Her Private Hell was presented out of competition at the 79th Cannes Film Festival on 18 May 2026, receiving between a 7 to 12-minute standing ovation. However, there were some walkouts throughout the screening, allegedly due to boredom.

It was theatrically released in the United States by Neon on 24 July 2026, with plans to be shown across 800–1,200 screens. It was ultimately shown on 675 screens. Scanbox Entertainment has scheduled the film to be released in Denmark on 15 October.

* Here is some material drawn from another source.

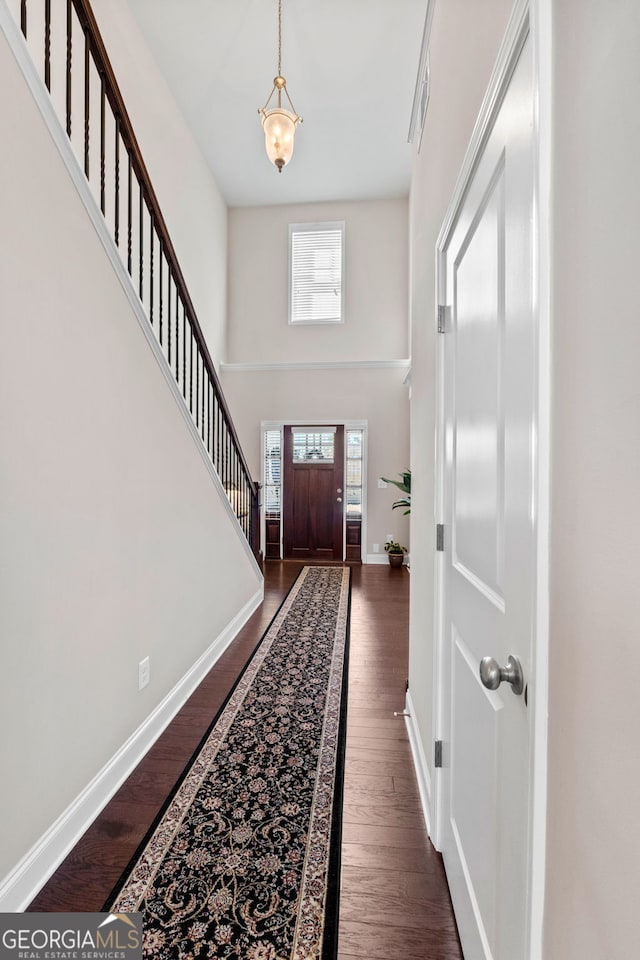 entryway with dark wood-style flooring, visible vents, a towering ceiling, stairway, and baseboards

In March 2026, Mubi acquired distribution rights from Neon International for the United Kingdom and Ireland, Italy, Spain, and Latin America.

== Reception ==

=== Box office ===
It grossed $530k in its opening weekend in the United States, across 675 screens.

=== Critical response ===
 Metacritic, which uses a weighted average, assigned the film a score of 44 out of 100, based on 28 critics, indicating "mixed or average" reviews.

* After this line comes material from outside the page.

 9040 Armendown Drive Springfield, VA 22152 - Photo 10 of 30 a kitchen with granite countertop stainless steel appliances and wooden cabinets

In a positive review for TheWrap, Chase Hutchinson deemed Thatcher's performance her "most daring yet", comparing it to Jack Nicholson's performance in The Shining at times. He also warned viewers that if they disliked Refn's past work, they "will likely be incredibly put off and alienated by everything playing out". Jordan Mintzer from The Hollywood Reporter wrote, "NWR does give us a warning early on when he has one of his characters only half-ironically claim: 'This movie's gonna be hell.' But that doesn't make watching Her Private Hell any less hellish". He did praise the lead cast performances, cinematography, production design, and homages to classic slasher directors like Dario Argento and Brian De Palma.

Owen Gleiberman of Variety wrote, "Her Private Hell is a disaster, but even that's part of its hipster factor. The film practically announces that it's too cool to be coherent".